** The problem **
All of the records below need to be copied exactly.

** Information **
------------------------

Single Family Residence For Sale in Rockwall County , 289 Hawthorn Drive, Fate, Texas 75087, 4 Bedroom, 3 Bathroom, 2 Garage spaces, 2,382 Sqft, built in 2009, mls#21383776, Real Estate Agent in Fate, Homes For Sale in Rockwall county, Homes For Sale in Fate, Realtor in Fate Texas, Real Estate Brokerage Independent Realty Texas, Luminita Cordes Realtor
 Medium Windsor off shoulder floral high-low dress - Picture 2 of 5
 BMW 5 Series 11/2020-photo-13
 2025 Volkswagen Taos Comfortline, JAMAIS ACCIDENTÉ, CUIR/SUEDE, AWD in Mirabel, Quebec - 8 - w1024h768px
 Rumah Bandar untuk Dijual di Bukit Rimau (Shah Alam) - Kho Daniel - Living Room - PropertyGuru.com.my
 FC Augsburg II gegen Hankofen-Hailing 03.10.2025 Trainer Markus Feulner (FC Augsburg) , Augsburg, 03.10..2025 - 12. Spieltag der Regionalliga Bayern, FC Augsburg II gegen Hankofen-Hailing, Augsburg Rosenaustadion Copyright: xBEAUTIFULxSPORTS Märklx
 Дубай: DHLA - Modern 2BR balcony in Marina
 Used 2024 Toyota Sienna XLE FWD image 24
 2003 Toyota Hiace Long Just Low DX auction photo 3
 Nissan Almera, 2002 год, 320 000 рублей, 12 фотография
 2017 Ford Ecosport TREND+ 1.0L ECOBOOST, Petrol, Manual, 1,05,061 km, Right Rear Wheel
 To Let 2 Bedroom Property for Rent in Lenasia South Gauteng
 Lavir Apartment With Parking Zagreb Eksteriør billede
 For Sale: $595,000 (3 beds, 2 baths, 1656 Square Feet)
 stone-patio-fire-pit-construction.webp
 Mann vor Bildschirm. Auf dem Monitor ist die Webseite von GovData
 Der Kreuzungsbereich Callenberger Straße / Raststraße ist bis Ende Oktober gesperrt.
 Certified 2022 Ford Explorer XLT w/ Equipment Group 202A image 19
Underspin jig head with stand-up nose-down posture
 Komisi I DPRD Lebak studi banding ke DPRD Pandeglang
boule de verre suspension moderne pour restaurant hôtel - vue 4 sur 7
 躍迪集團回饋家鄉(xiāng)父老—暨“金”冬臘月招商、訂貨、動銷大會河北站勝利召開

------------------------

** The completed task **
Single Family Residence For Sale in Rockwall County , 289 Hawthorn Drive, Fate, Texas 75087, 4 Bedroom, 3 Bathroom, 2 Garage spaces, 2,382 Sqft, built in 2009, mls#21383776, Real Estate Agent in Fate, Homes For Sale in Rockwall county, Homes For Sale in Fate, Realtor in Fate Texas, Real Estate Brokerage Independent Realty Texas, Luminita Cordes Realtor
 Medium Windsor off shoulder floral high-low dress - Picture 2 of 5
 BMW 5 Series 11/2020-photo-13
 2025 Volkswagen Taos Comfortline, JAMAIS ACCIDENTÉ, CUIR/SUEDE, AWD in Mirabel, Quebec - 8 - w1024h768px
 Rumah Bandar untuk Dijual di Bukit Rimau (Shah Alam) - Kho Daniel - Living Room - PropertyGuru.com.my
 FC Augsburg II gegen Hankofen-Hailing 03.10.2025 Trainer Markus Feulner (FC Augsburg) , Augsburg, 03.10..2025 - 12. Spieltag der Regionalliga Bayern, FC Augsburg II gegen Hankofen-Hailing, Augsburg Rosenaustadion Copyright: xBEAUTIFULxSPORTS Märklx
 Дубай: DHLA - Modern 2BR balcony in Marina
 Used 2024 Toyota Sienna XLE FWD image 24
 2003 Toyota Hiace Long Just Low DX auction photo 3
 Nissan Almera, 2002 год, 320 000 рублей, 12 фотография
 2017 Ford Ecosport TREND+ 1.0L ECOBOOST, Petrol, Manual, 1,05,061 km, Right Rear Wheel
 To Let 2 Bedroom Property for Rent in Lenasia South Gauteng
 Lavir Apartment With Parking Zagreb Eksteriør billede
 For Sale: $595,000 (3 beds, 2 baths, 1656 Square Feet)
 stone-patio-fire-pit-construction.webp
 Mann vor Bildschirm. Auf dem Monitor ist die Webseite von GovData
 Der Kreuzungsbereich Callenberger Straße / Raststraße ist bis Ende Oktober gesperrt.
 Certified 2022 Ford Explorer XLT w/ Equipment Group 202A image 19
Underspin jig head with stand-up nose-down posture
 Komisi I DPRD Lebak studi banding ke DPRD Pandeglang
boule de verre suspension moderne pour restaurant hôtel - vue 4 sur 7
 躍迪集團回饋家鄉(xiāng)父老—暨“金”冬臘月招商、訂貨、動銷大會河北站勝利召開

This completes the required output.